Las mártires de Argel

La misionera beatificada Esther Paniagua junto a Juan Pablo II en una imagen de archivo ICAL

Ignacio Miranda

Uno de los mayores orgullos de nuestra tierra es la elevada cifra de misioneros que viven entregados a la tarea social y evangélica en los rincones más pobres del planeta. Más de 2.500 hombres y mujeres de las diócesis de Castilla y León que, un buen día, sintieron la vocación de seguir a Cristo desde el compromiso total, para alejarse de las comodidades de una Europa decadente, para servir a las personas en lugares donde la marginación y la violencia forman parte del paisaje. Países donde se persigue la presencia de occidentales con voluntad de ayudar a la población, hasta llegar en ocasiones al asesinato. Y como asevera Ramón Delgado, delegado de Misiones de Burgos, su muerte representa el culmen de una situación social catastrófica, «porque al matar a un misionero me pregunto qué no habrá sufrido la gente de allí».

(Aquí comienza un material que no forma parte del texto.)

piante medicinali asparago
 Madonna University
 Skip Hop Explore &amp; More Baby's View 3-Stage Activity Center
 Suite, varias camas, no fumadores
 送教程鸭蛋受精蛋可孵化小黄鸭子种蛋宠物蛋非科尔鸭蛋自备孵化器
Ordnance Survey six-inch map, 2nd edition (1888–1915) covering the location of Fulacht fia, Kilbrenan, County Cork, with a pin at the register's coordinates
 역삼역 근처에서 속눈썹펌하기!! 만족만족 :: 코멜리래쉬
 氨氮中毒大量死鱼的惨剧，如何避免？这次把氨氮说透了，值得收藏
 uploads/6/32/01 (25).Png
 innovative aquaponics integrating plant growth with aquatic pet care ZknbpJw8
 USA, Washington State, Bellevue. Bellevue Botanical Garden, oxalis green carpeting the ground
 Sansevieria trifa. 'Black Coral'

Una reflexión válida para Esther Paniagua y Caridad Álvarez, agustinas misioneras abatidas a tiros en Argel el 23 de octubre de 1994, domingo, cuando iban a misa. Un crimen del que se cumplen ahora veinticinco años, y que se produjo durante la jornada del Domund. Por aquello de que el Señor escribe recto con renglones torcidos. Esther era natural de Izagre, en León, mientras que Caridad nació en la localidad burgalesa de Santa Cruz de la Salceda. En la capital argelina, en medio de la guerra civil no declarada que vivió el país magrebí en esos años por el terrorismo islamista, ambas atendían a niños discapacitados. Una labor altruista que alabó un periodista en un reportaje. A los pocos días, en medio de ese clima de horror, también fue asesinado.

Las hermanas supervivientes continuaron allí, como reconoce sor Lourdes, «porque los cristianos no tenemos miedo a la muerte, portamos el Reino de Dios entre los más débiles, que nos reciben con esperanza».

Las religiosas abatidas fueron beatificadas hace un año en Orán, al confirmar la Santa Sede su condición víctimas mártires por un crimen de odio a la fe. Hay, en efecto, una Iglesia que no es la del poder ni la de la pederastia. Tampoco la que calla ante la tiranía progre. Una Iglesia que derrama su sangre por los demás. Verdaderos testigos de Jesucristo en un tiempo secularizado. Proclamadores del Evangelio en una época individualista, aunque no salgan en los medios.